Our youngest daughter and I love Kari Jobe. Her recent release is called "The Garden" and it got me thinking about the vegetable garden my dad has grown all my life. Recently, she and I have gone down to help my mom and dad as they are in their 80's.  We have helped with the weeding, cutting back the overgrowth and of course helped them harvesting their produce. 

Growing up, Dad used our garbage~ egg shells, old coffee grounds, with dead leaves layered on top to build a pile of rich loam in the corner of the backyard of my childhood home.

He called it his compost pile. 

In the fall it was layered and turned every few months and by springtime it had decomposed and he was ready to use it as fertilizer for his garden.

With a gardener’s soul, no food was ever wasted. Just like our heavenly father who can use our deepest messes to produce goodness in our lives. 

There was no fast food at our house.
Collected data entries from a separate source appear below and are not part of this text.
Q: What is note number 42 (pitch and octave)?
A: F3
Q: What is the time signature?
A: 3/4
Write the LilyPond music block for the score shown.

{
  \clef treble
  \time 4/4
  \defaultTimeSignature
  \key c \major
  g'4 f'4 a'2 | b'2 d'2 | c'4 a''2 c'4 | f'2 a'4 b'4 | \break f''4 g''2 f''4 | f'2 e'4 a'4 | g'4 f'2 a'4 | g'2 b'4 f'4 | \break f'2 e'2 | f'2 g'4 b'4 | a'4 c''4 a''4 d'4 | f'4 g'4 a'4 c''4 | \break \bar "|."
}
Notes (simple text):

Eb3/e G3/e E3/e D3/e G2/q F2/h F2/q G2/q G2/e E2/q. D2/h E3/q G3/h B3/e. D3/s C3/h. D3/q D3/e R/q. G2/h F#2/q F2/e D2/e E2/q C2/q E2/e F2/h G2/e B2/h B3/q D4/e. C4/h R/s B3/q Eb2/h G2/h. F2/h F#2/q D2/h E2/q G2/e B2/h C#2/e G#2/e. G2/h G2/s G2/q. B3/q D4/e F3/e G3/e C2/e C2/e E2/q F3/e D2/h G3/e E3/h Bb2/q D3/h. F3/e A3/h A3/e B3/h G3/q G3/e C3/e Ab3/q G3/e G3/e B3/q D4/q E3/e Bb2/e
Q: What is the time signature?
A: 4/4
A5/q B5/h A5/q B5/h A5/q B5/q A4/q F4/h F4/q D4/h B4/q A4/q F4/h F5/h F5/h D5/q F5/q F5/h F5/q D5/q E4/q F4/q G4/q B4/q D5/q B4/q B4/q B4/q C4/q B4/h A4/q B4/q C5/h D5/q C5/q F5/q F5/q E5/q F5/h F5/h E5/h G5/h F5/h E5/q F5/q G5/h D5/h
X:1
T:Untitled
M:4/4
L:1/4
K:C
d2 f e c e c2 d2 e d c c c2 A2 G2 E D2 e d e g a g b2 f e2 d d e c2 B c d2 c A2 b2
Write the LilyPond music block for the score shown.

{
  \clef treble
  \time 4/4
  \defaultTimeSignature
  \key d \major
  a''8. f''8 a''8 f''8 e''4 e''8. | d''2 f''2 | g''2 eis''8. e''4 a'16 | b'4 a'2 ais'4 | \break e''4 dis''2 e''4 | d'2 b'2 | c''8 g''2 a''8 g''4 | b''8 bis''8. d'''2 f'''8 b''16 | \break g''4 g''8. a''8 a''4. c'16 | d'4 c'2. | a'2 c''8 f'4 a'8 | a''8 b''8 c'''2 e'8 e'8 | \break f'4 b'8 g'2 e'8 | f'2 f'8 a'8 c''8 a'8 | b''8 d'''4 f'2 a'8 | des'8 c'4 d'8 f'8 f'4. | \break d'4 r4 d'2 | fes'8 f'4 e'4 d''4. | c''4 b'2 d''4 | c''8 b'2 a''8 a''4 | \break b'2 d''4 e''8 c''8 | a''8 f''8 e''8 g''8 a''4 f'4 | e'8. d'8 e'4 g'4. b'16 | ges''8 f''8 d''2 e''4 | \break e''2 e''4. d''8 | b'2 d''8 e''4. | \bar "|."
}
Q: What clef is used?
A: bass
We ate what was put in front of us and were told to sit there until the last drop of succotash was eaten. Or, in our West Oak Lane home, thrown behind the old time vintage cast iron radiator.

In the early 70’s we moved to the suburbs outside of Philadelphia with a bona fide backyard filled with trees. Instead of the paved driveway of the back alleys behind our tree lined city twin home. We now had a place to run and climb trees and be kids. 

Dad went to work building a small garden plot by the side of the house to grow his own tomatoes, cucumbers, lettuce, eggplant, string beans and mint. Always with the mint because he enjoyed it in his sweet tea for the summer. Or, at least I did.

Sometimes, life throws us garbage in the form of loss, false friends, disappointments, dashed dreams, health and financial problems. But, I’m convinced that God has a plan and that he wastes nothing.

Just like my growing up years where winter soon turned into spring, the summer growth and fall harvest somehow produced good vegetables from Dad’s labor.

It’s a little harder to see on an electronic screen or in the eyes of our neighbors as we scurry around as life passes us by.

In this micro wave world, we can still see the eternal truth of the rewards of care by the light in our neighbor’s eyes when we drop off some food while they are going through a difficult time.

Or, take time to answer questions for a teenager who needs wisdom for future direction in his or her life.  Or it is captured in the smile of a young married as she shares about the adventures of being a newlywed and expecting her first child

While there are days where we see no rewards for our labor, it's then we need to take a closer look at the smaller yet real growth in our lives. 

It’s the family foundation that bring me back to a simpler time. And for this, I’m grateful to have learned about the truths of life from my dad's garden.